Training results for Russian 22050Hz Natasha #32

shigabeev · 2023-08-29T21:28:59Z

shigabeev
Aug 29, 2023

The model has trained for only 58,000 steps with no sdp and no duration discriminator. The number of text encoder layers was increased from 6 to 10.

The model, a sound sample and symbols.py for russian can be found on Google drive.

https://drive.google.com/drive/folders/1v-jGF8k_gfIUHHFafA1qGOtzDm3YlVbs?usp=sharing

beqabeqa473 · 2023-08-30T05:48:31Z

beqabeqa473
Aug 30, 2023

cool. It seems it needs more steps to fix sounding. looks like vocoder is not trained to that point

0 replies

shigabeev · 2023-08-30T10:35:51Z

shigabeev
Aug 30, 2023
Author

This time I trained it with SDP for 138K epochs. Now it sounds far better.

https://drive.google.com/drive/folders/1y8cDIp0MmSP2LS6V8jZ7fjKLKfw33kas?usp=sharing

3 replies

p0p4k Aug 30, 2023
Maintainer

Also with dp-discriminator?

shigabeev Sep 1, 2023
Author

It turns out that your setup doesn't turn off DP discriminator no matter what's written in config, so luckily it has always been turned on. It works!

p0p4k Sep 1, 2023
Maintainer

Oops, I'll look into that today. Thanks for letting me know.

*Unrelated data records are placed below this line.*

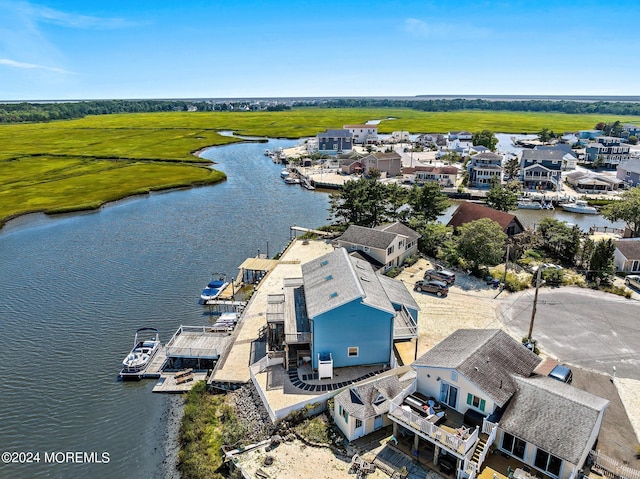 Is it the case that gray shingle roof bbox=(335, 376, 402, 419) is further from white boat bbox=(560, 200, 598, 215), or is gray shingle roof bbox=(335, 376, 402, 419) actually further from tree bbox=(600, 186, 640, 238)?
white boat bbox=(560, 200, 598, 215)

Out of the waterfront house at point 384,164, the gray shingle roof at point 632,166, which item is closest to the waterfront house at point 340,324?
the waterfront house at point 384,164

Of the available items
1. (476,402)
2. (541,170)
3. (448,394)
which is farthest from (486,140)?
(476,402)

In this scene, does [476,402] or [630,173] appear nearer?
[476,402]

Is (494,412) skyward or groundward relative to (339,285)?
groundward

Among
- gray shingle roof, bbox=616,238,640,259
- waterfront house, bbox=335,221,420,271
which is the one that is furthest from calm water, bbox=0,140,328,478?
gray shingle roof, bbox=616,238,640,259

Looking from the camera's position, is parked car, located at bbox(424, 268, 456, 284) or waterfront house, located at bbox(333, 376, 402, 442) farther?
parked car, located at bbox(424, 268, 456, 284)

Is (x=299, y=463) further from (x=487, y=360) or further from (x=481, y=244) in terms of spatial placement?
(x=481, y=244)

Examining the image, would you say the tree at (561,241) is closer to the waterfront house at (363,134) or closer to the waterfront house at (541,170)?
the waterfront house at (541,170) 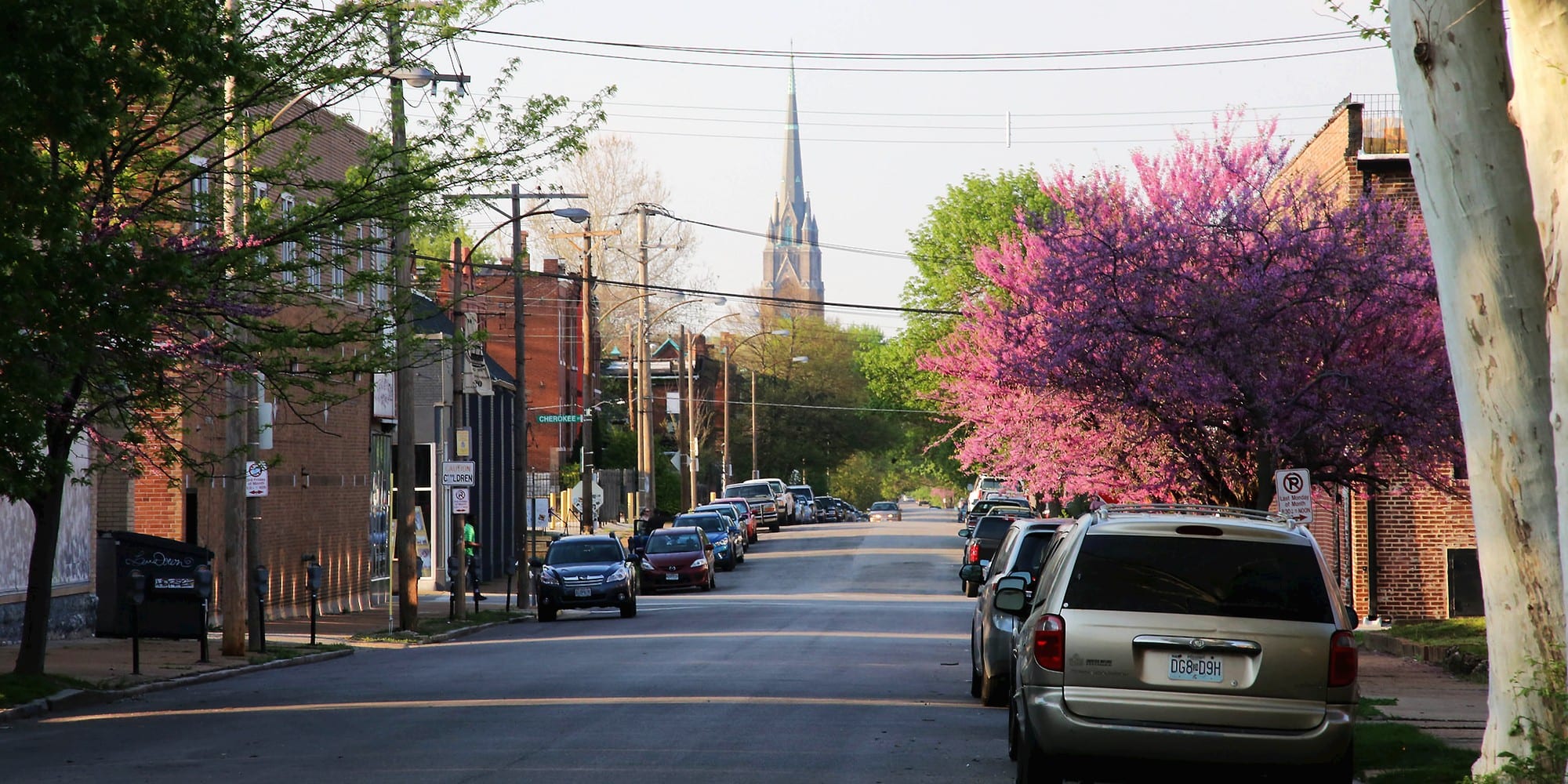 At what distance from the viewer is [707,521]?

beqabeqa473 · 2023-08-30T18:49:47Z

beqabeqa473
Aug 30, 2023

Also, is it still using hifigan vocoder or you used work from your branch?

…

On 8/30/23, p0p ***@***.***> wrote: Also with dp-discriminator? -- Reply to this email directly or view it on GitHub: #32 (reply in thread) You are receiving this because you commented. Message ID: ***@***.***>

-- with best regards Beqa Gozalishvili Tell: +995593454005 Email: ***@***.*** Web: https://gozaltech.org Skype: beqabeqa473 Telegram: https://t.me/gozaltech facebook: https://facebook.com/gozaltech twitter: https://twitter.com/beqabeqa473 Instagram: https://instagram.com/beqa.gozalishvili

7 replies

shigabeev Sep 1, 2023
Author

Yes, there is a fork of your repo with MS-iSTFT. It sounds majestic. At least, on my data.

https://github.com/FENRlR/MB-iSTFT-VITS2

p0p4k Sep 1, 2023
Maintainer

Should we mix this repo with that, so users get to choose more vocoder options?

p0p4k Sep 1, 2023
Maintainer

@shigabeev Also a few samples to compare all three would be great , if you can manage that! Thanks and I appreciate your efforts!!!

shigabeev Sep 1, 2023
Author

I halted the BigVGAN training at around 45K steps due to its performance being notably inferior to both HFG and iSTFT at that epoch. However, this comparison might not be fully accurate since the batch size varied; BigVGAN consumed 4x the memory compared to iSTFT, prompting an adjustment in the learning rate.

Despite this, I believe given another week, BigVGAN might yield comparable results. Nonetheless, I'm currently inclined towards iSTFT due to its satisfactory performance.

Audio Comparisons:

HFG (190K steps) vs. iSTFT (190K steps)
BigVGAN (40K steps) vs. iSTFT (40K steps)

Link to audios.

p0p4k Sep 1, 2023
Maintainer

Thanks for your reply. I will consider adding these vocoder options in this repo as well.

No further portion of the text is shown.